I have had the good fortune to experience many excellent dinners on Christmases past at places such as The Box Tree (in its heyday), La Cote Basque, etc. Those restaurants went out of their way to provide memorable occasions for their patrons. I looked forward to the Carlyle Restaurant as they have the blessing of Zagat as one of the finer places in town (in caps!!) and because they were one of the few establishments serving on Christmas.
The room itself was lovely, dominated by a huge spray of flowers and opening out from the lobby like a brightly-lit, mirror-adorned theater set. A large gingerbread house greeted you at the entrance. After ordering glasses of wine, we settled in for what my companion and I hoped would be a delightful meal.

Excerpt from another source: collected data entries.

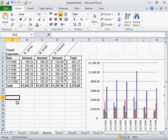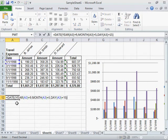Enter equal sign, DATE, open parentheses, YEAR, the start date, plus sign, the number of years to be added, comma, MONTH, the start date, plus sign, the number of months to be added,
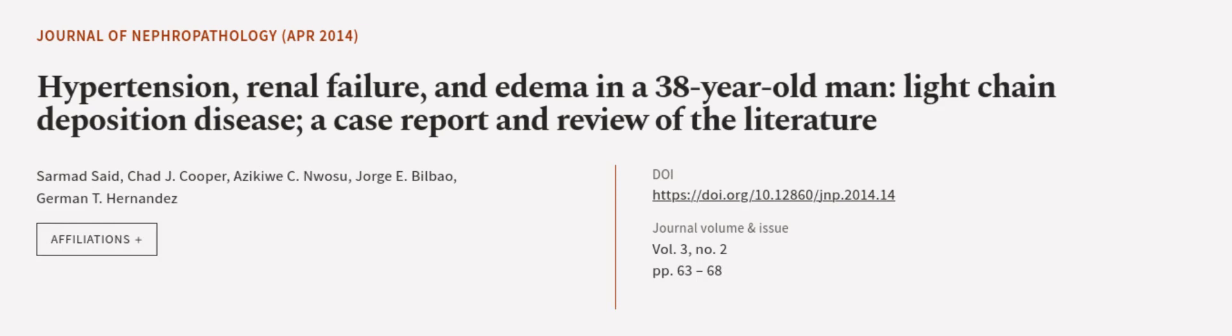This article was authored by Sarmad Said, Chad J. Cooper, Asakayo Sinwosu and others. We are article.tv, links in the description below.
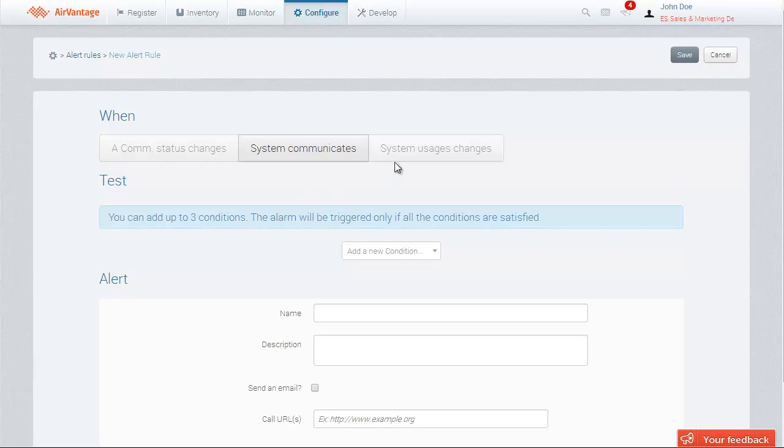You can also trigger an alert when the system usage changes. For a given trigger, you can set up to two or three test conditions. If all conditions in the rule are fulfilled, the alert will be raised.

Was it unreasonable to expect (at $85.00 a head) an amuse-bouche or some kind of holiday "lagniappe" that was never offered? Perhaps. But an even greater surprise was in store when the rolls we were proffered turned out to be stale. When my companion gently pointed this out to our breadserver, we, indeed, received warm rolls on our next round---warm and stale.
The starters that followed turned out to be the highlight of the evening: Malpeque oysters. Icy cold, briny, delicious, they were marvelous as was the champagne we ordered.

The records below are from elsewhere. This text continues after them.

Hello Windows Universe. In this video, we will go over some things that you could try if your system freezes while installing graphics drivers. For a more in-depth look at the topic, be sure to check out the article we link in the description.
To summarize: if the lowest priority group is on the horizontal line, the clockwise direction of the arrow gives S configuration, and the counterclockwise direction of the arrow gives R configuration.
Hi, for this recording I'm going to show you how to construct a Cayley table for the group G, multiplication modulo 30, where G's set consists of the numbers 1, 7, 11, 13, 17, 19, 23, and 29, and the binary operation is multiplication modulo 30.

My first course, described as a "Sweet Corn Chowder,Jumbo Lump Crab Cake" came with a quarter-sized round of some kind of unidentifiable, crusty crustacea (see below). My partner fared better with his Winter Truffle Omelet, which,indeed, contained a liberal amount of shaved truffles.
The entrees, a Filet of Sea Bass, served en croute and Authentic Pike Quenelles w/ Fresh New Orleans Crayfish were also a mixed bag as the Sea Bass arrived less than warm and soggy. My companion, not wishing to make waves again, decided to make do. I had better luck this time with the quenelles, which were flavorful and light in a rich Nantua Sauce. They were accompanied by two miniscule, thumbnail-sized crayfish. I realized then that these were the shellfish that came with my soup (see above).
The real kick-in-the-pants came with dessert. I ordered Buche de Noel and my partner a gratinee of fresh fruit. For all practical purposes, the "Yule log" was two slices of the most ordinary-looking ice cream roll, with not a merengue "mushroom" in sight. And it only took one bite to realize it suffered from a very bad case of freezer burn. Obviously, this was a Buche de Noel for ALL seasons. Coming on the heels of a magnificent Buche de Noel served at The Four Seasons ( see my post below), it was the last straw. Though the waiter hastily brought me an order of the fruit gratinee after I made my dissatisfaction known, I couldn't wait to get out of there.
Yes, I know the best of restaurants can have off nights but,at those prices, I have every right to expect them to be at the top of their game, especially on a holiday. If tonight was any indication of what their daily operation is like, the glory days of the Carlyle Restaurant are long past.